That's why we have RMS (root mean square) voltage ratings Rich.

It's the square root of 2 divided by 2, or 0.707 (70.7%).

Basically it's a 'DC equivalent' for an AC voltage device. I use RMS current, or 70.7% of the actual amperage draw because of this, and how I was taught in Navy electronics school.

I don't know about the 60%. I'm thinking that's a conservative 'rule of thumb' number maybe(?).

 

[rdnelson]

ichthyoid;889723 wrote: That's why we have RMS (root mean square) voltage ratings Rich.

It's the square root of 2 divided by 2, or 0.707 (70.7%).

Basically it's a 'DC equivalent' for an AC voltage device. I use RMS current, or 70.7% of the actual amperage draw because of this, and how I was taught in Navy electronics school.

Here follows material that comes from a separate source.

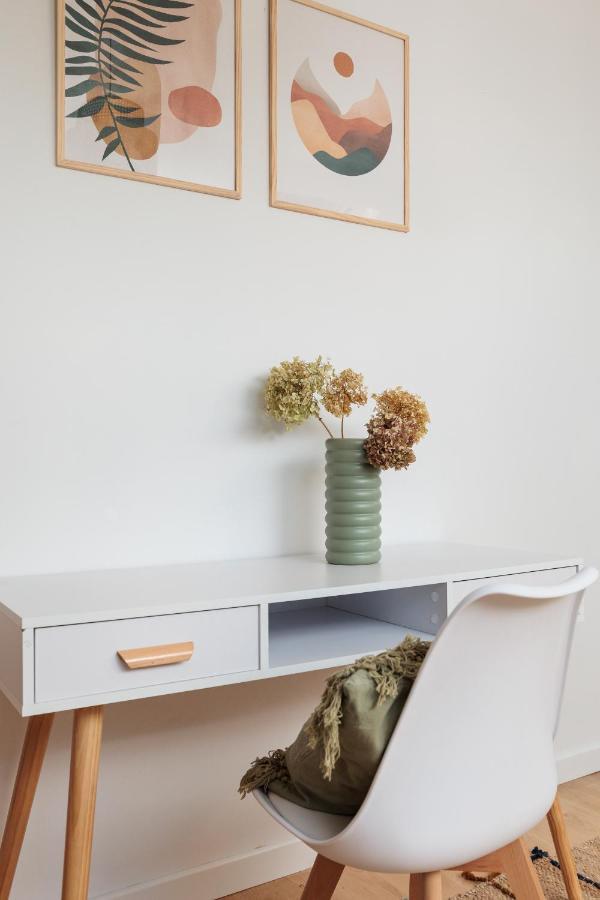 Pastel Grove Suite - By Upstairs Krakau Exterior foto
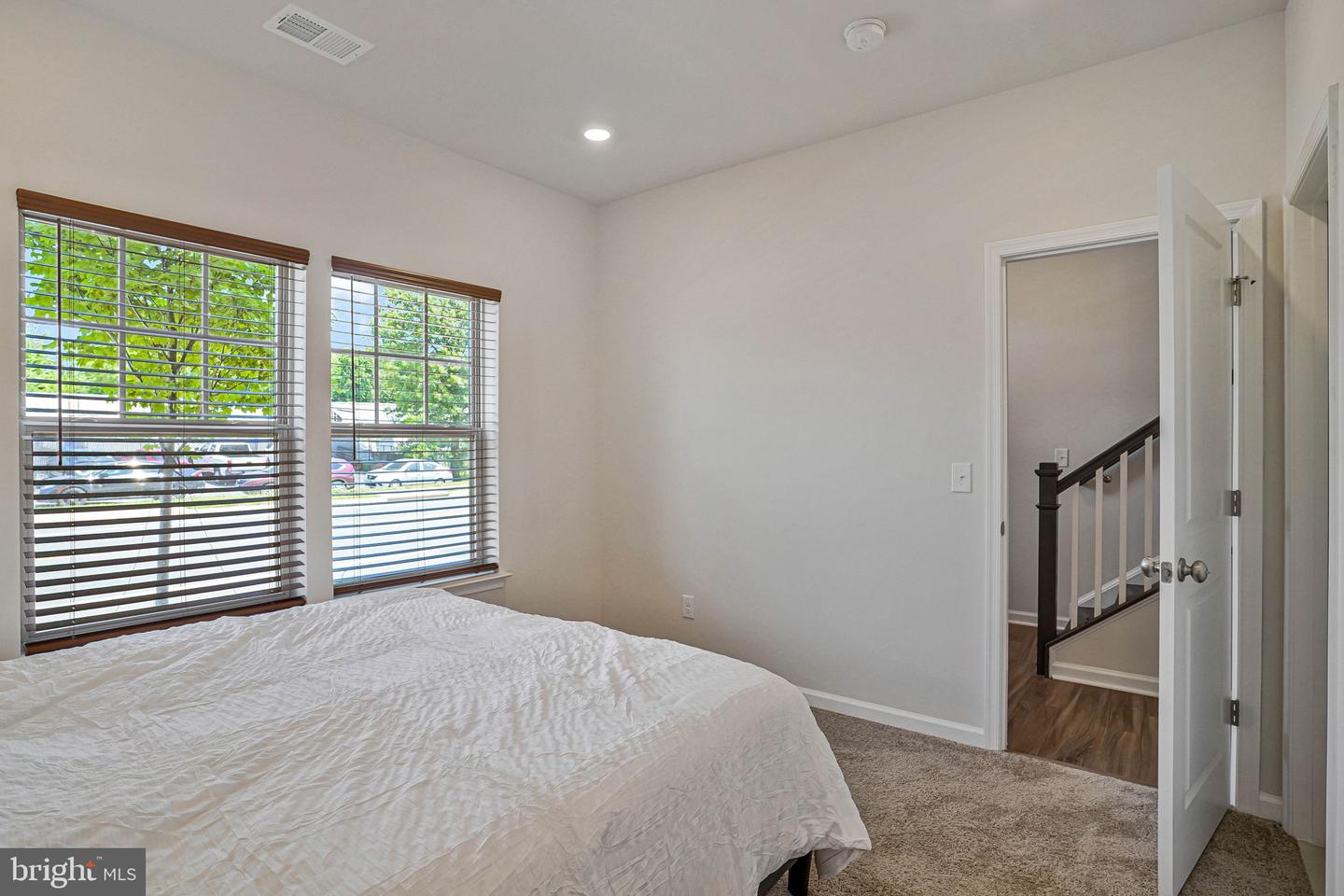 9459 Prince William St Property Photo 21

I don't know about the 60%. I'm thinking that's a conservative 'rule of thumb' number maybe(?).

The way I understand it Bill is that the RMS value is a result of the fact that AC current begins at 0, progresses to a peak, back to 0 and then the same in a negative direction. The net result is a lessor equivalent DC value than the peak AC value. The peak on a 120v system is higher than 120v.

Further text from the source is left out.